The first official university in the country was founded in part by Ben Franklin in 1740. Franklin designed an educational program that included practical applications in commerce and public service along with classics and theology. This laid the groundwork for the multidisciplinary and liberal arts curriculums practiced at many modern colleges and universities today, so you can blame Ben for all those annoying general education requirements.
The campus didn’t move to its current site until the 1870s, after more than a century in Center City.
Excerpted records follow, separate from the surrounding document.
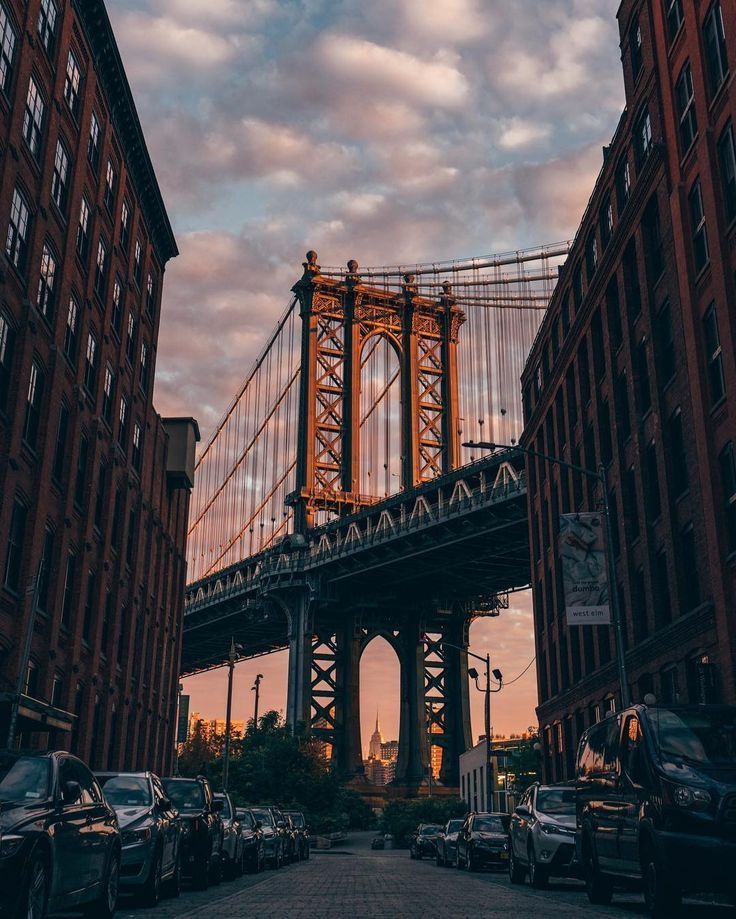 cars are parked in front of tall buildings and the bridge is lit up at sunset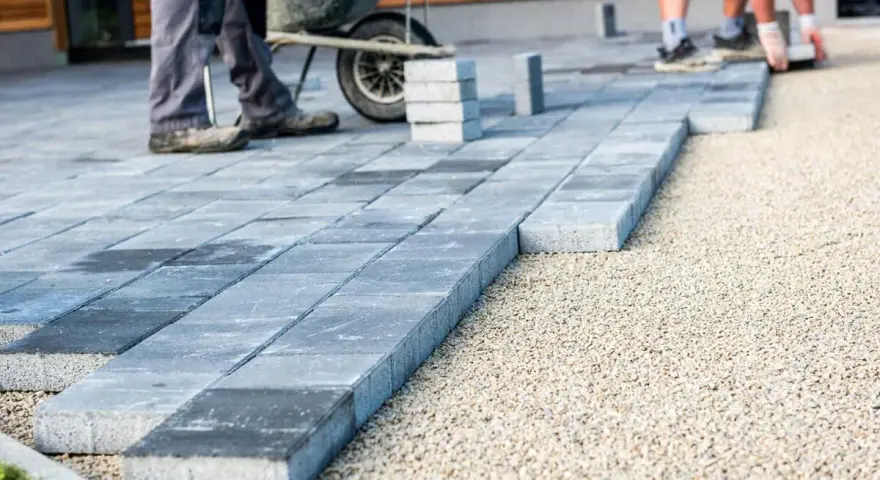 Układanie nowoczesnych płyt betonowych, co zamiast kostki brukowej. Pracownicy z taczką tworzą ścieżkę.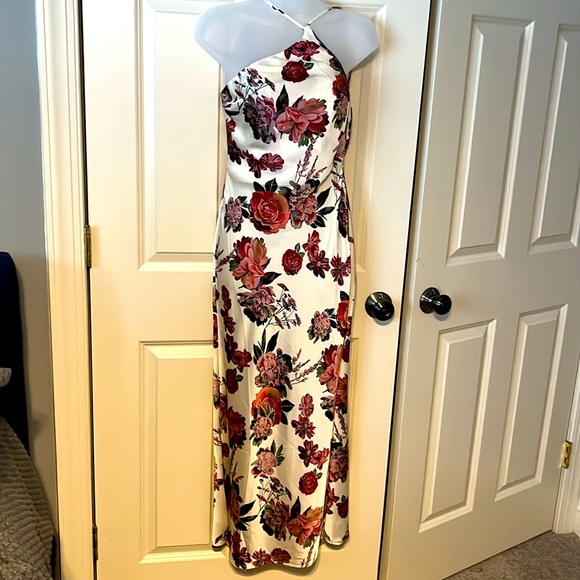 NWOT! Gorgeous silky asymmetrical dress. Has a draped scoop back. - Picture 1 of 11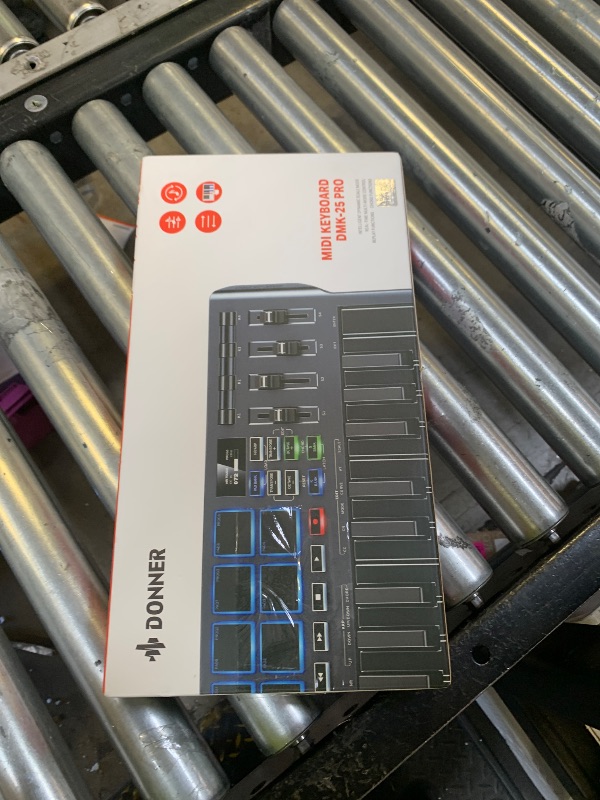 Photo 1 of Donner 25 Mini Key MIDI Keyboard Controller, Portable USB-C MIDI Keyboard with 8 Drum Pads, OLED Display, Music Production Software and 40 Teaching Courses, DMK25 Pro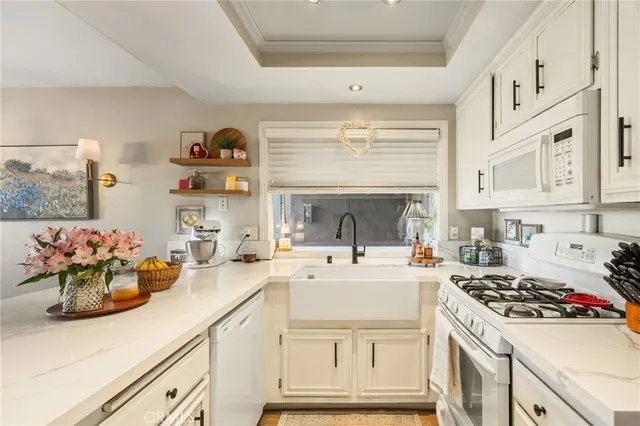 a kitchen with a sink cabinets and appliances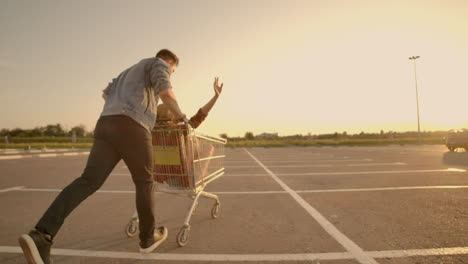 Back-view.-Cheerful-young-couple-in-love-man-and-woman-laughing-and-having-fun-while-riding-carts-in-supermarket-parking-in-slow-motion-at-sunset.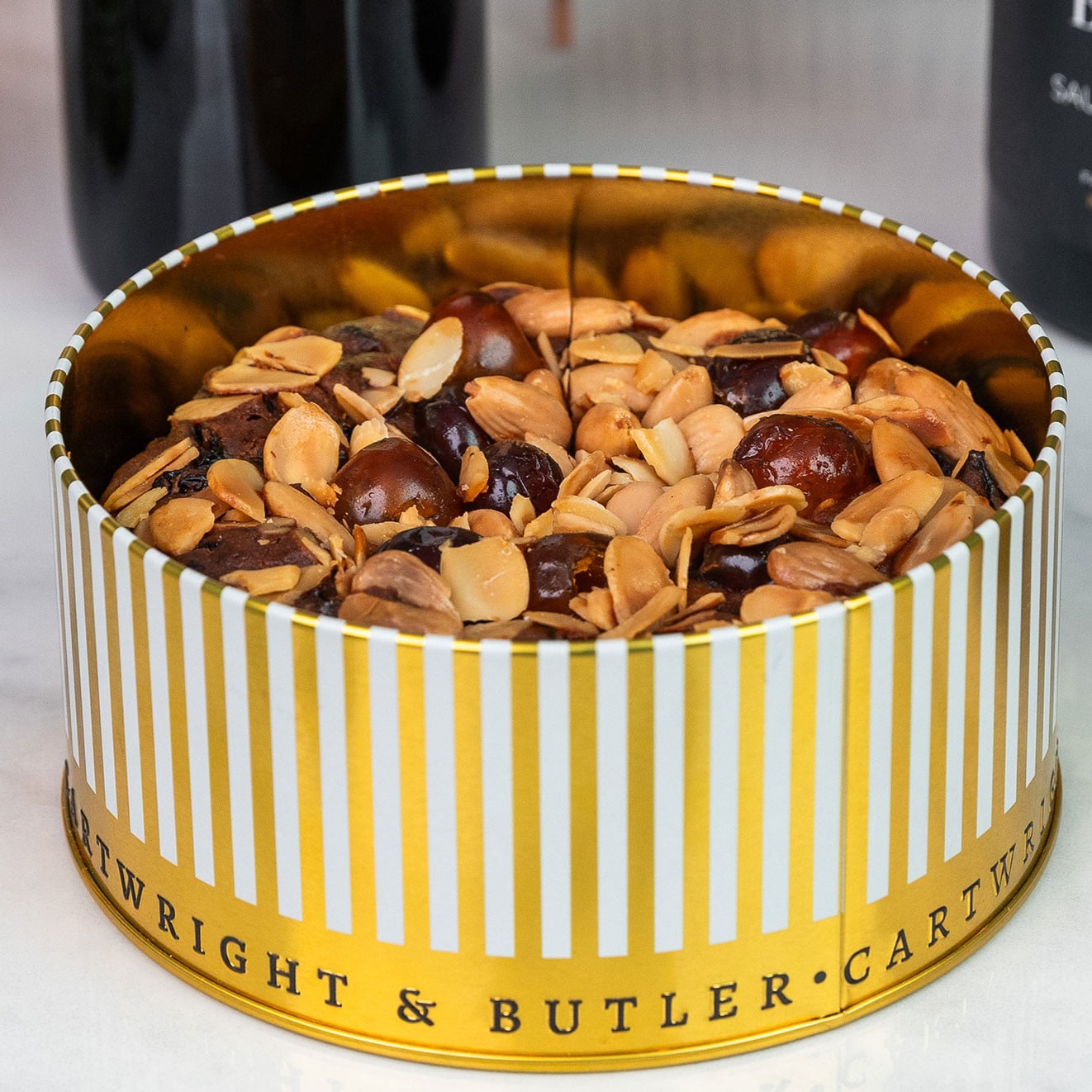 Luxury fruit cake presented in an elegant Cartwright & Butler striped gold gift tin with a generous nut-topped cake inside.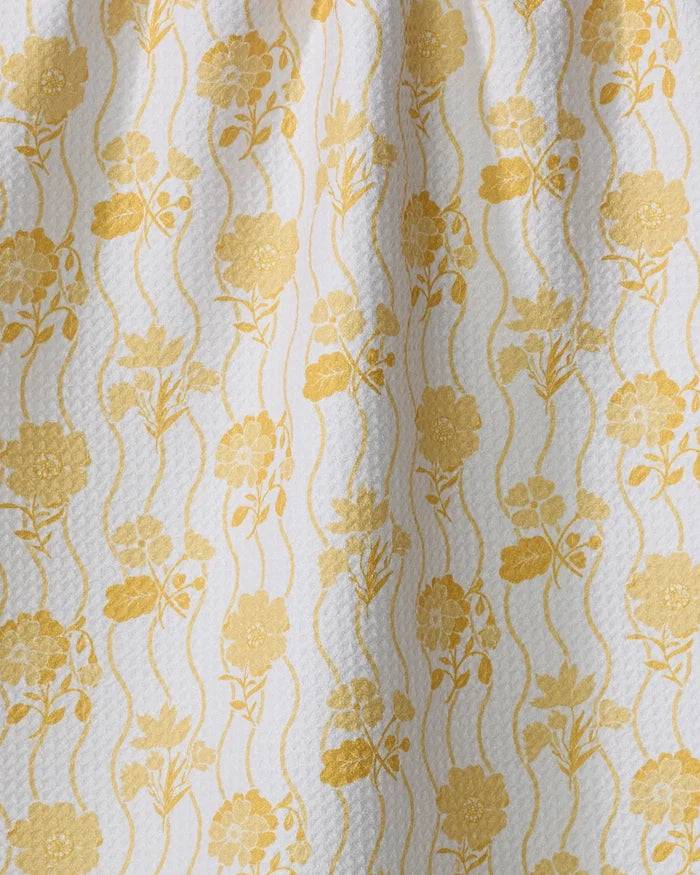 The Danelys Sidron "Spring Wave" tea towel features yellow floral and wavy line patterns on textured white fabric, adding a vintage decorative touch while providing ultra-absorbency for your kitchen.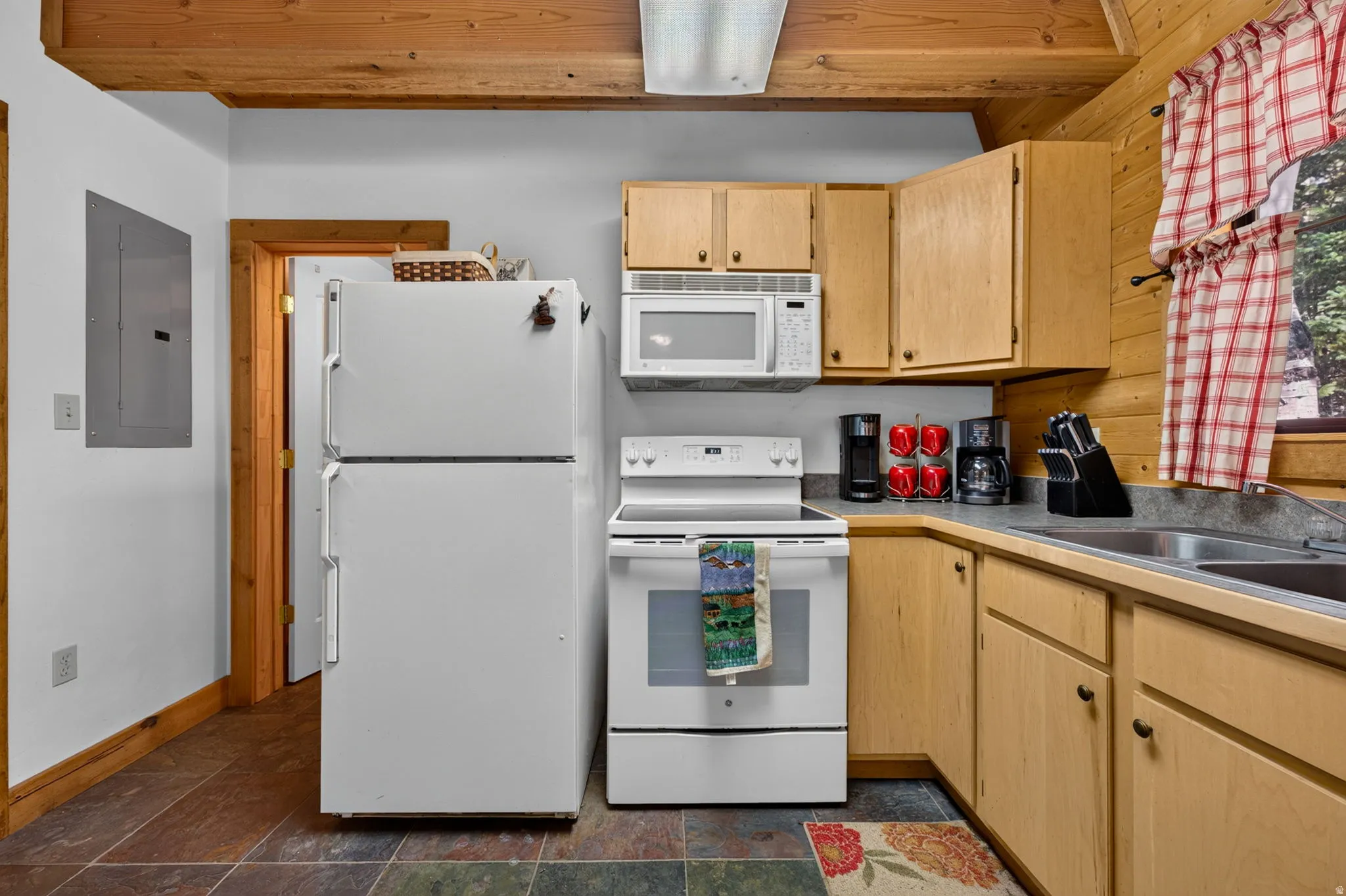 Kitchen featuring light wood cabinetry, white appliances, and a double basin stainless steel sink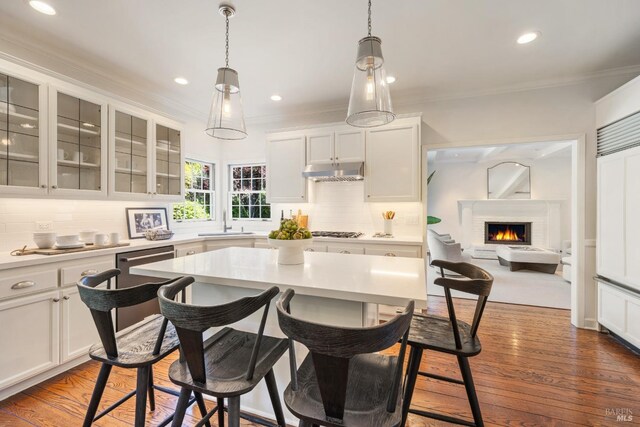 kitchen featuring crown molding, a sink, decorative backsplash, a kitchen bar, and under cabinet range hood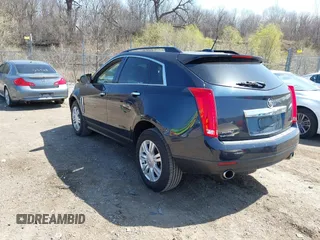 2015 Cadillac SRX with VIN 3GYFNAE39FS571065, listed as a IAAI auction lot 42029749 with 146,098 mi miles and . Bid and sale history available at DreamBid. Image 3.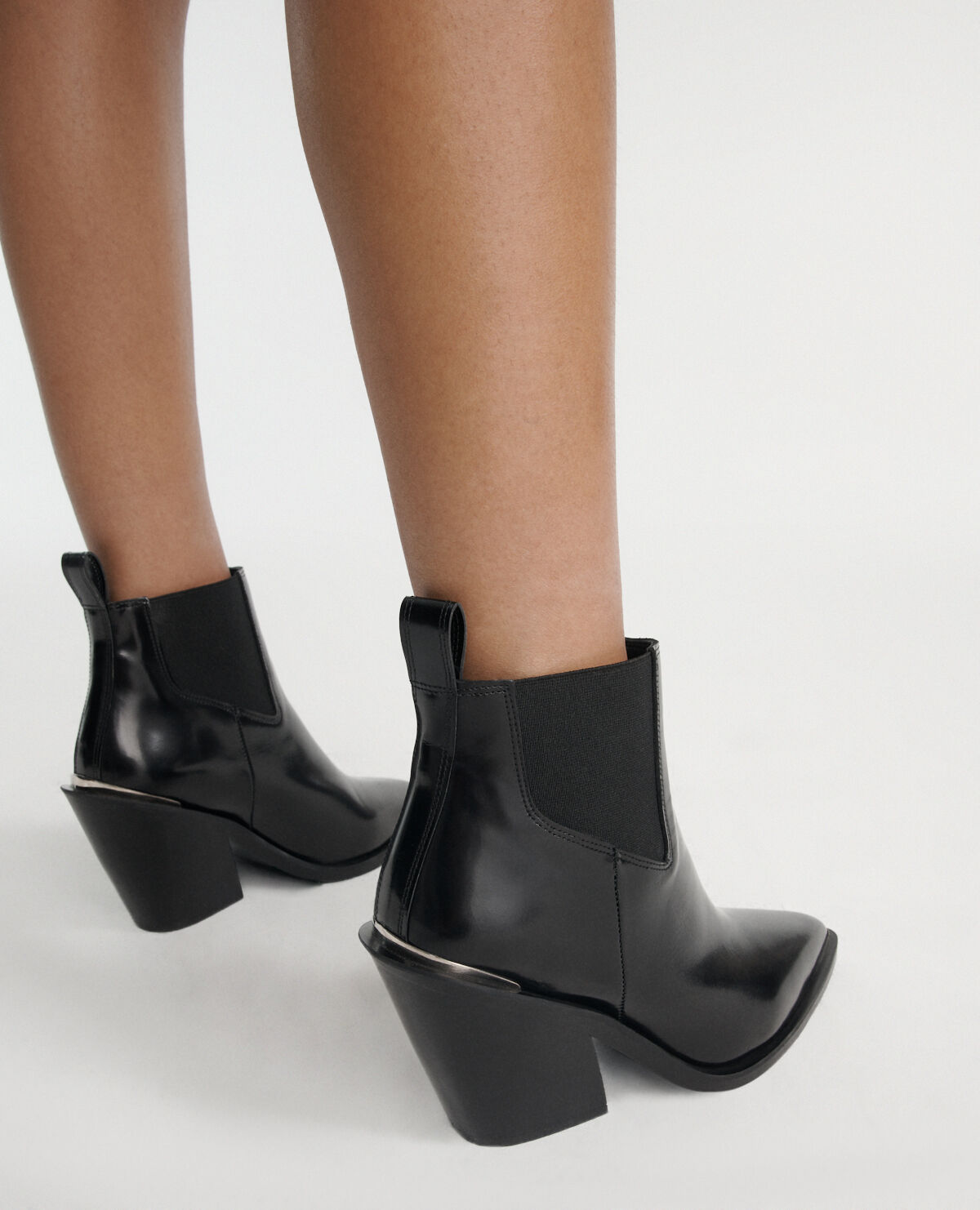 Glossy black leather boots in western style The Kooples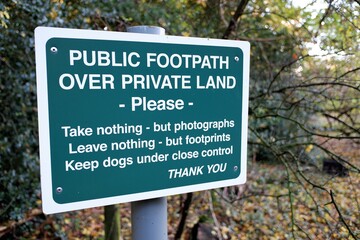 Sign saying public footpath over private land, please take nothing but photographs, leave nothing but footprints, keep dogs under close control, thank you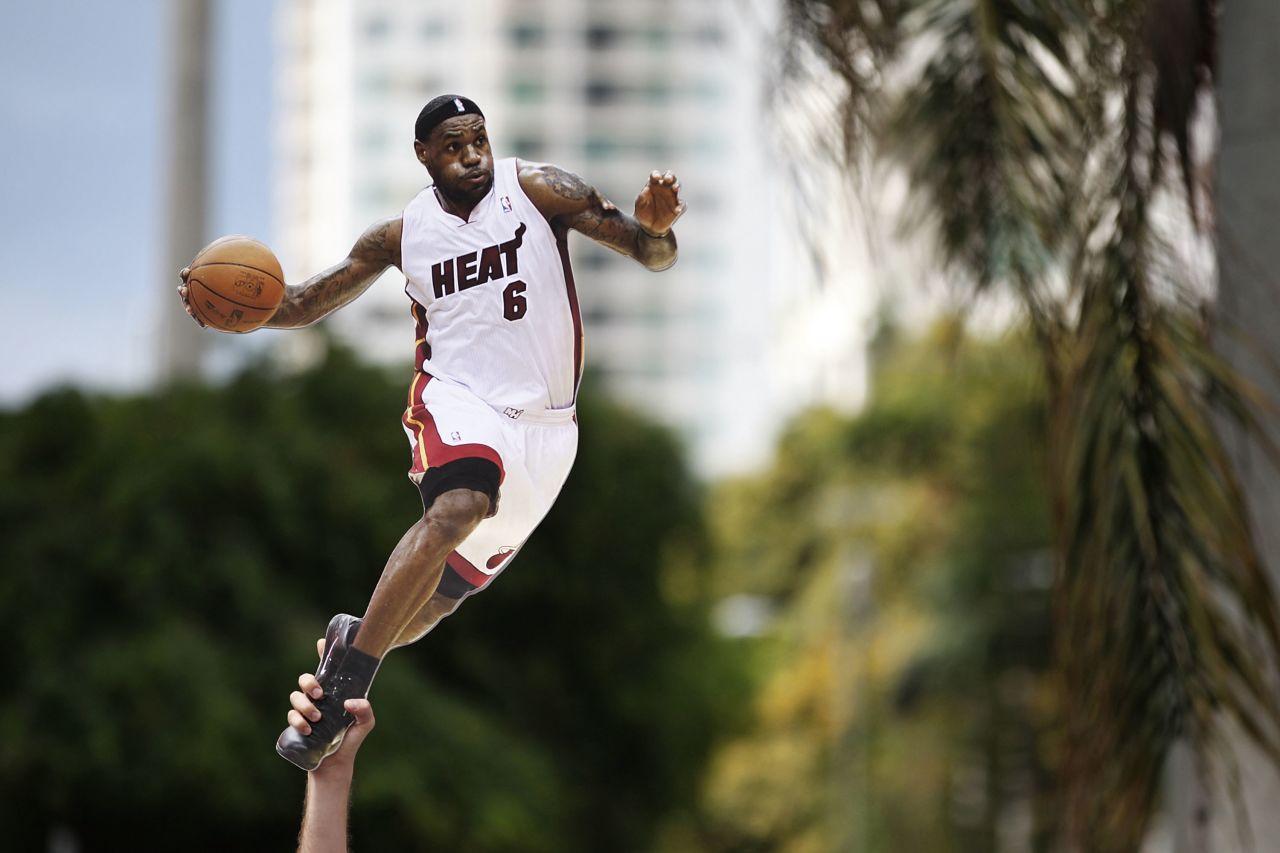 A fan holds up a cutout of LeBron James.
Today, the attractive campus is in the heart of University City, the most developed section of West Philadelphia just across the bridge from Center City. Be sure to stroll along Locust Walk, the typical ivy-covered walkway lined with trees and stately architecture. If school is in session, you’ll be surrounded by Penn students promoting fraternity parties, groups, and events and enjoying college life.
No matter when you come, you’ll notice the many monuments to Ben Franklin along and around the walk. Sit next to his bronze sculpture on a bench near 36th and Walnut Streets for a popular photo op. A large statue of him sits on a pedestal on Locust Walk near 34th and Walnut Streets.
Across from the statue, you’ll see a modern statue of a large broken button, courtesy of Claes Oldenberg, also responsible for the Clothespin sculpture near City Hall. Rumor has it that the ultimate feat for a Penn student is to have sex on the button—although it’s hard to imagine this is possible considering the near-constant bustle of Locust Walk.
Beyond the button is the Van Pelt Library, an excellent place to study, read, or use the free Internet, or to visit the rare books room on the 6th floor. The library is open to the public with a photo ID. There are many notable buildings worth exploring on campus, but be sure to stop in at the rotating exhibit in the Arthur Ross Gallery in the stunning Fisher Fine Arts Library (across College Green from the Van Pelt Library). And all true sports fans will want to see the historic basketball arena, the Palestra (220 S. 32nd St.).